「永遠の仔」の売り方

プロデューサー。ドラマを作る時に絶対考えなければならないのが、そのドラマをどう売るか?という事。
「宣伝」が重要な要素だと考えていなければならない。

連続ドラマ「永遠の仔」をやった時考えたのは次の二つのセールスポイント。

「天童荒太の大ベストセラーのドラマ化」
「中谷美紀、椎名桔平、石田ゆり子、渡部篤郎という4人のメジャーな俳優が出演」

このコンセプトを基に、まず「ポスタービジュアル」を考えた。

「DV(家庭内暴力)」「性的虐待」が大きなテーマになっている原作。

4人の俳優さんに「いちばん悲しい表情」をしてもらう事にした。顔のアップで。

写真撮影は、海外の要人など、雑誌「AERA」の表紙を撮り続けていたカメラマン坂田栄一郎さんに依頼。

出来上がった4人の写真。ポスターデザインを手掛けた美術の藤本美歩が中谷美紀さんの「目を瞑った写真」をどうしても使いたいと言った。

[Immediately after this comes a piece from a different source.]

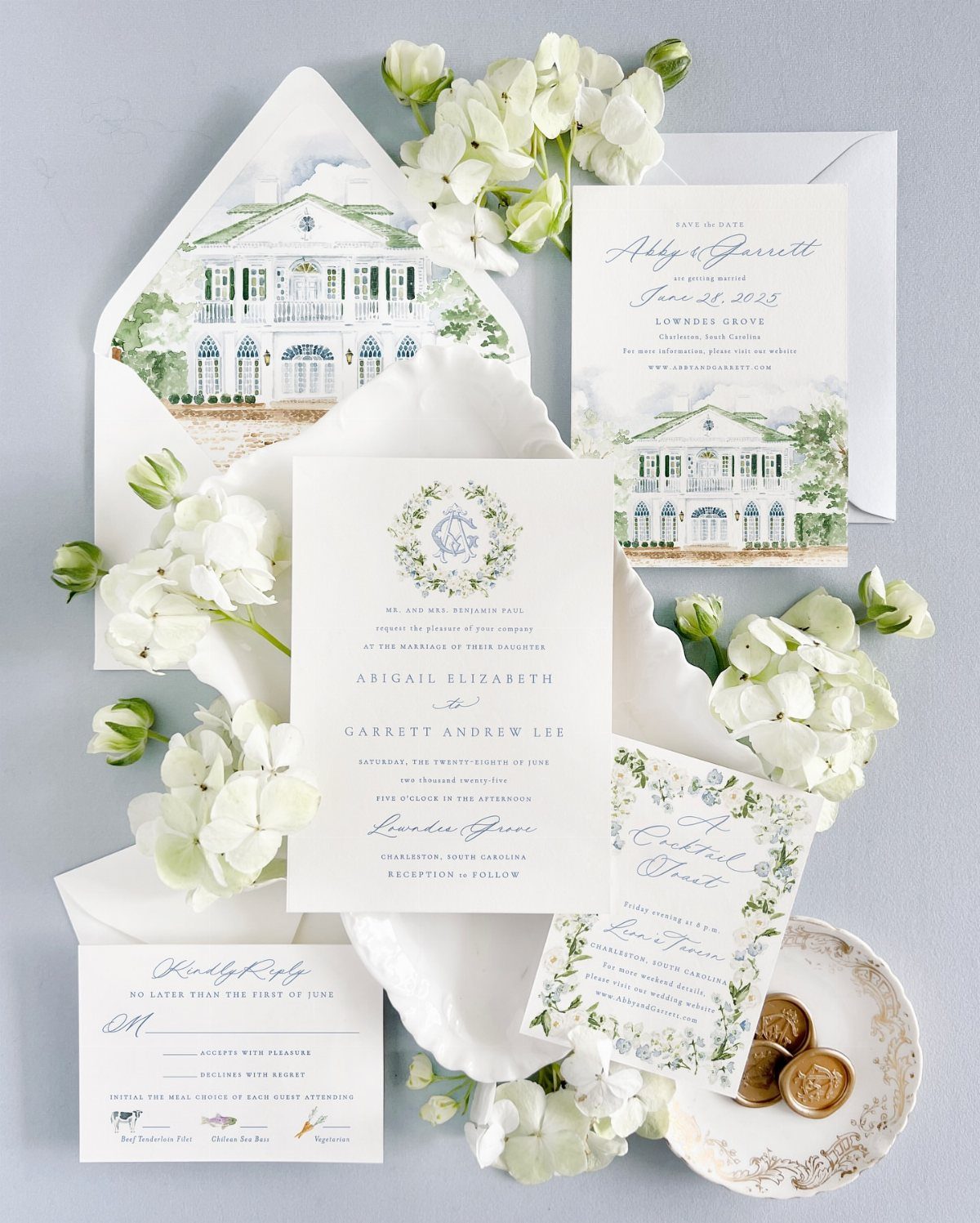 Wedding invitation suite featuring watercolor illustrations of a white manor house and flowers.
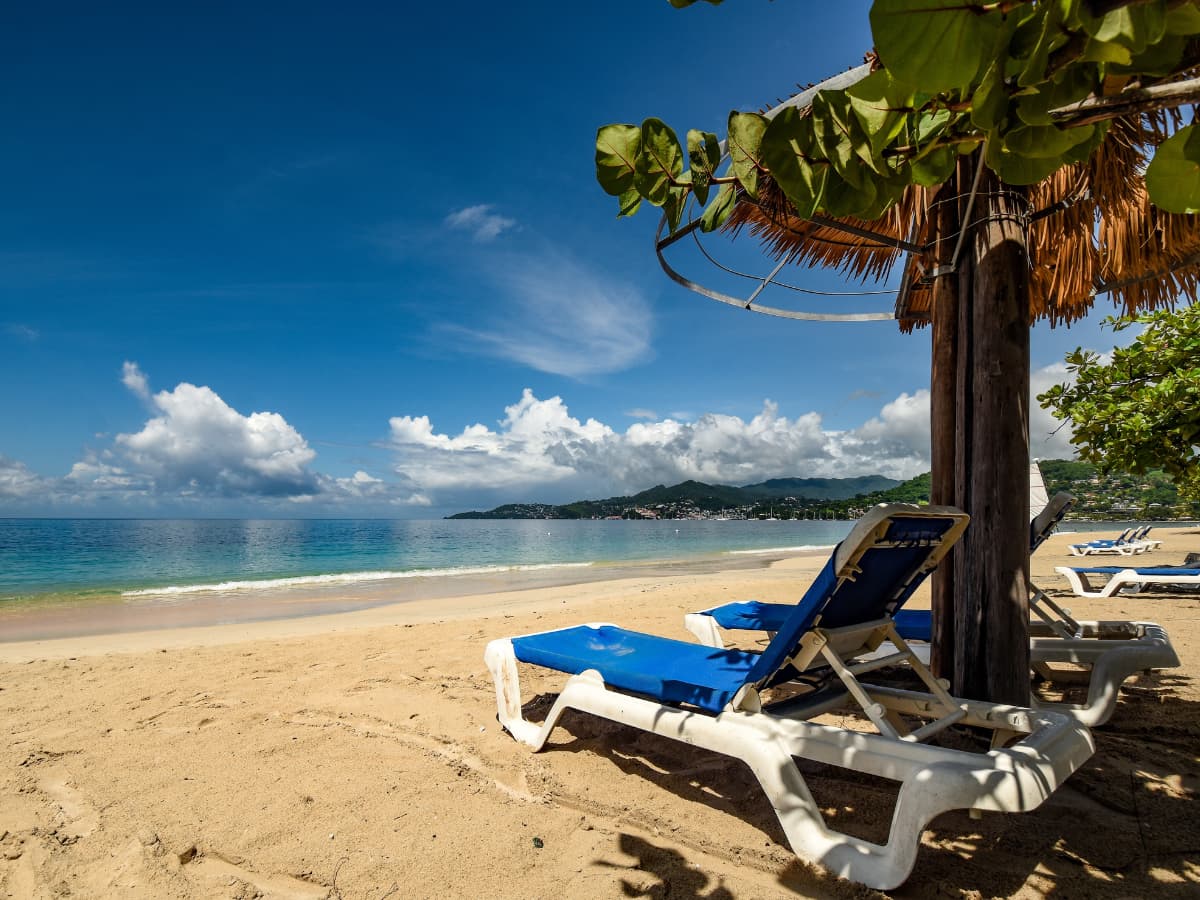 caribbean beach with shade and loungers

僕はかなり迷ったが、「幼い頃、父親から性的虐待を受け続けていた中谷美紀さん演じる主人公」の「深い悲しみ」を想像し、藤本の意見に賛同した。

テレビで流れる「PRの映像」も「大ベストセラーのドラマ化」「4人のメジャーな俳優さんが出演」の二点に絞った。

子役3人が石鎚山の頂上に登って行く本編映像」「原作本が本屋に山積みにされている映像」「大人になった主人公たちを演じた4人のモノクロの写真」で構成し、二つの要素が端的に分かるナレーションも入れた。

初回の視聴率は17%。有難い事にたくさんの方に観て頂けた。2000年4月の事である。

あれから23年。僕は「永遠の仔」のプロデューサーを務めた数年後、東京宣伝部に異動になった。

十数本の連続ドラマ・スペシャルドラマ、バラエティー、アニメの宣伝を担当して分かった事。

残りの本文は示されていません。